Great to see kids learning and enjoying the outdoors.


----------



## pokeyjeeper (Sep 5, 2013)

Nice looking cat tell that young man congrats


----------



## "JJ" (Aug 6, 2011)

That is awesome Skip!
Tell the young man I said congrats on the $100 and the cat! ????


----------



## SWAMPBUCK10PT (Apr 5, 2010)

*Thanks Guys-----asked me to mount it for him I told him I have retired :frown2:** hahaa but just for him I'll try--I told him I'd make a deal with him.. it would cost about 700.00 bucks-you should've seen his eyes [pretty wide] how you going to pay me I asked---looks at his Dad he just :frown:* *I say to him if you'll pile 10 face cord of firewood for me this summer and mow my grass How about that deal he says I sure will--than I add Oh you also have to take me to your Best Brookie fishing Hole :fishing:* *too he :frown2:** says NOPE !!--Ok I said I'll take the Deal without the fishing hole* :biggrin: :biggrin: :biggrin: :biggrin:


----------



## hassell (Feb 9, 2010)

There is just some things a person doesn't give up and a fishing hole is one of them, he'll remember this deal the rest of his life HA !!


----------



## 220swift (Mar 2, 2011)

A big "good for you Ely" for both the big cat and not giving up your favorite Brookie spot!!!!!


----------



## youngdon (Mar 10, 2010)

Lol.

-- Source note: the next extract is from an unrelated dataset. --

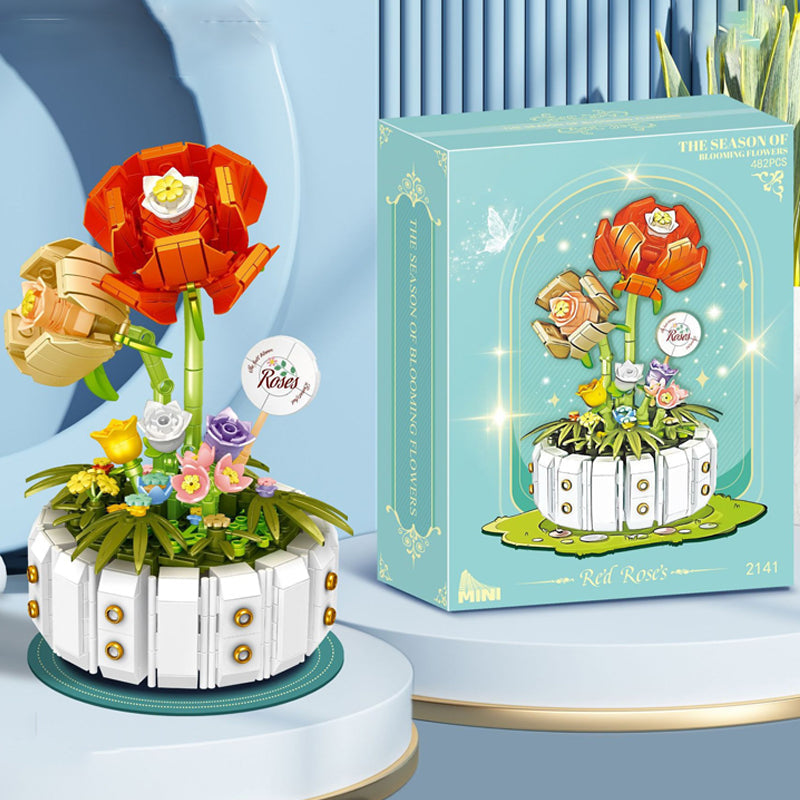 Bouquet potted building blocks toys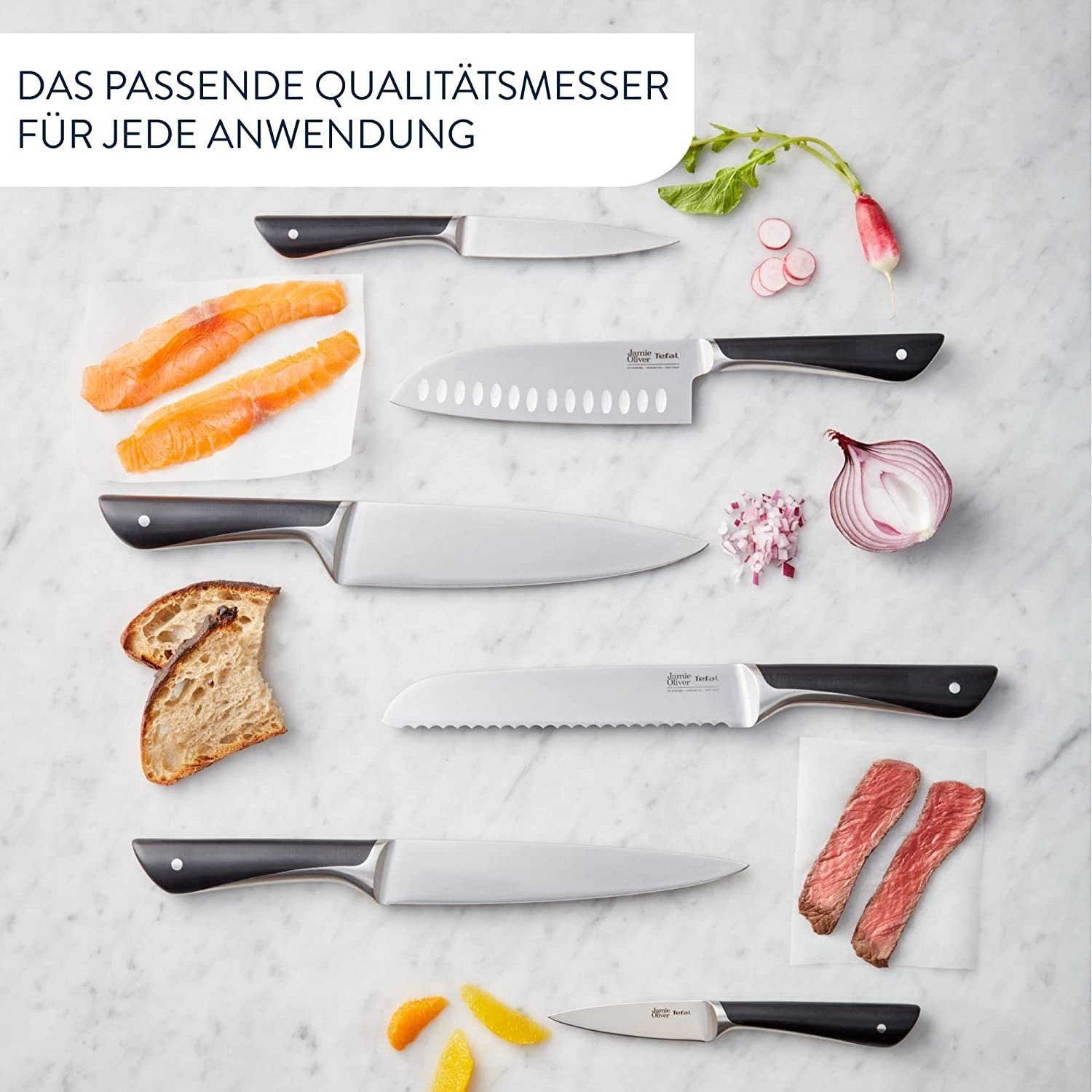 Tefal Messerblock Jamie Oliver K267 Küchenmesser + Holz hohe Schneideleistung Kochmesser (7tlg), Fleischmesser Brotmesser Santokumesser Universalmesser Schälmesser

He'll tell that story his whole life.


----------



## 220swift (Mar 2, 2011)

you're right YD and it will end with "and I put cousin Skip right in his place and told him nope"....lol


----------



## SWAMPBUCK10PT (Apr 5, 2010)

Just finished Ely's Bobcat mount----couple of pic's


----------



## pokeyjeeper (Sep 5, 2013)

Great looking mount bud what's that white stuff on the ground out by the trees


----------



## SWAMPBUCK10PT (Apr 5, 2010)

*More comimg tomorrow :help:** :frown2:*


----------



## hassell (Feb 9, 2010)

pokeyjeeper said:


> Great looking mount bud what's that white stuff on the ground out by the trees


 That's Skip's garden area and those are snowpeas.


----------



## dwtrees (Mar 5, 2012)

Great job on the kids cat. You should have put a fish under it's paw and then told him the cat told you where his fishing spot was.


----------



## SWAMPBUCK10PT (Apr 5, 2010)

*DWT wish I would have though of that--Good idea-Ha Haa-I gave it to his Dad this afternoon--like to have seen his face when he got home from school----------snow gone in front yard---looks like we may get 4" tonight*


----------



## SWAMPBUCK10PT (Apr 5, 2010)

*Rain turned to snow at 3:30 am----Mornings greeting--Back and front yard pic's :frown2:*


----------



## prairiewolf (Feb 19, 2012)

Good looking mount Skip !! We didnt get very much snow this year at all.


----------



## Double Naught Spy (Mar 1, 2015)

Very nice!


----------



## SWAMPBUCK10PT (Apr 5, 2010)

*175" this year-------was nice yesterday and high 50's today Beautiful SUN -snow melting fast water every where--------everyone has a cold or flu---have a great Sunday*


----------



## hassell (Feb 9, 2010)

Geez Skip only 175" of snow, lucky if we got 5". Skeeters will like all that high water.


----------